▶ **ACTIVITY**: Every line holding the string "Decor" should be copied from the listing.

▶ **MATERIAL FOR THIS TASK**:
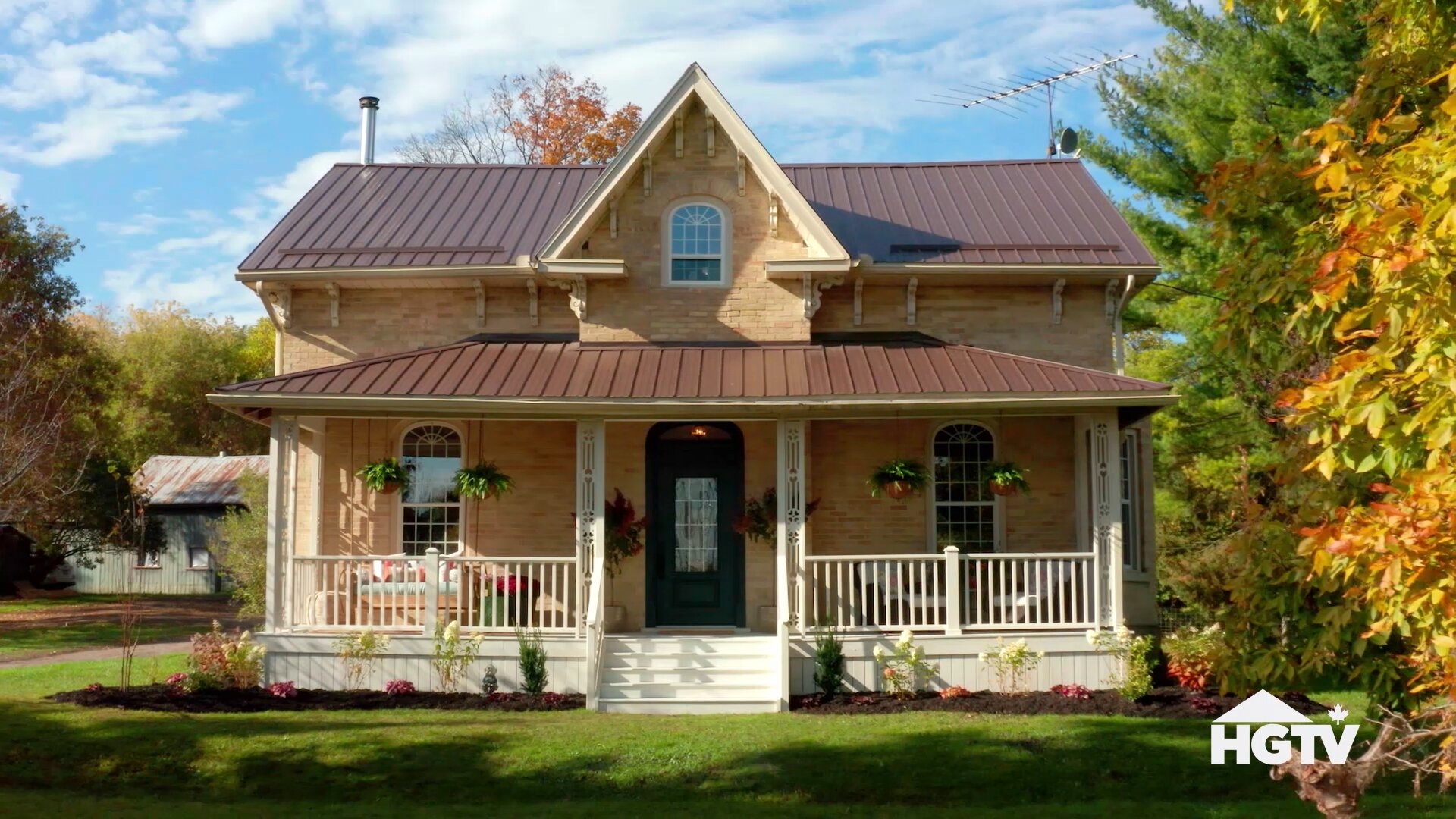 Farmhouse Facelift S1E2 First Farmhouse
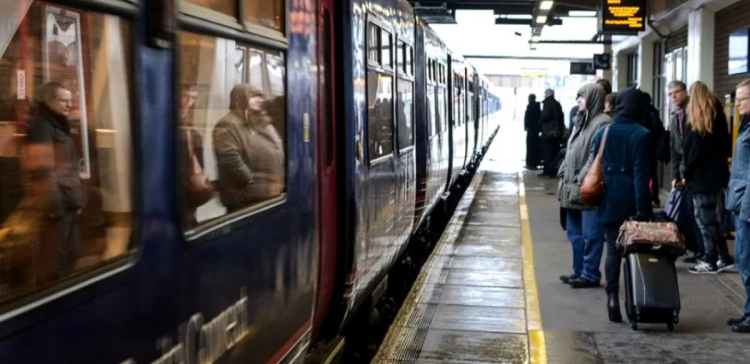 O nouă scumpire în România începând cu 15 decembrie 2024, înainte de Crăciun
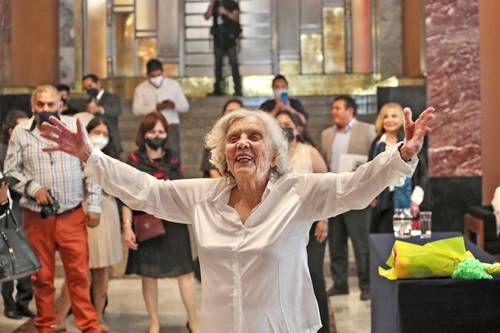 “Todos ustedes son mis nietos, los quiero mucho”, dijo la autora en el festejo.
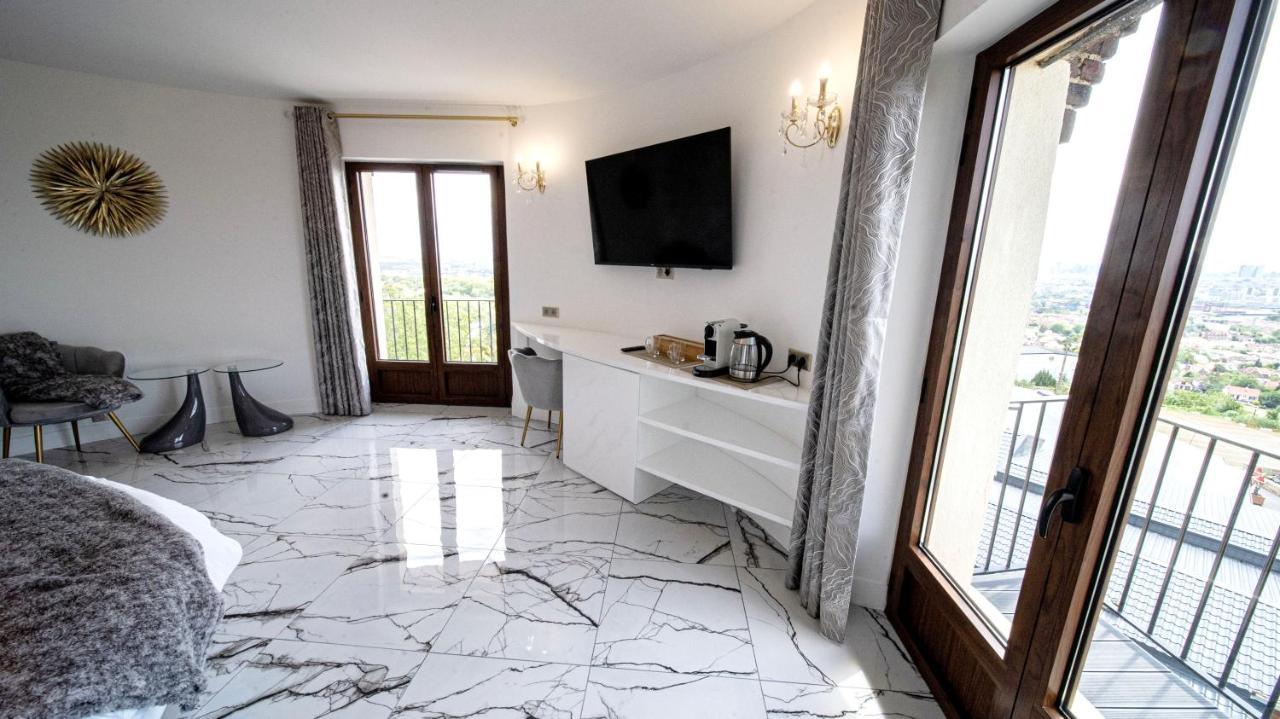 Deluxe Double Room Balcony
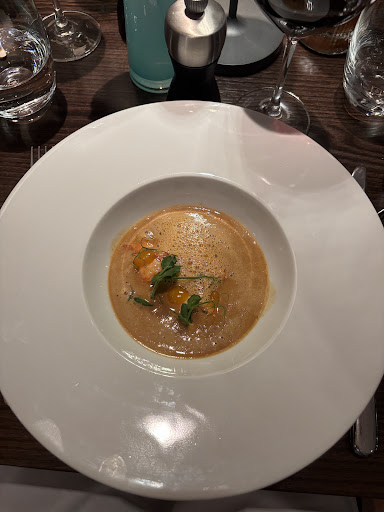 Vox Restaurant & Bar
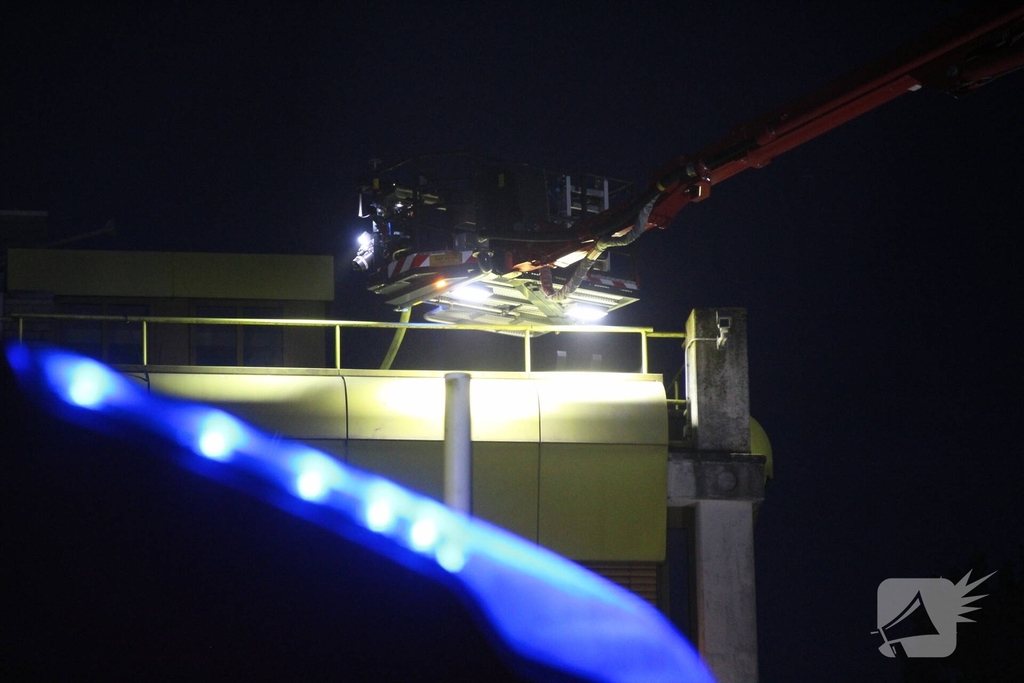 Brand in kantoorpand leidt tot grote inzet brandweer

--

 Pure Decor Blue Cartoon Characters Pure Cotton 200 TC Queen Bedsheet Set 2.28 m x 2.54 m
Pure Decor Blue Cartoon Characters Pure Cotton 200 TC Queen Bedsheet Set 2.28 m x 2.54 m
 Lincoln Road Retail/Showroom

▶ **ANSWER**:
 Pure Decor Blue Cartoon Characters Pure Cotton 200 TC Queen Bedsheet Set 2.28 m x 2.54 m
Pure Decor Blue Cartoon Characters Pure Cotton 200 TC Queen Bedsheet Set 2.28 m x 2.54 m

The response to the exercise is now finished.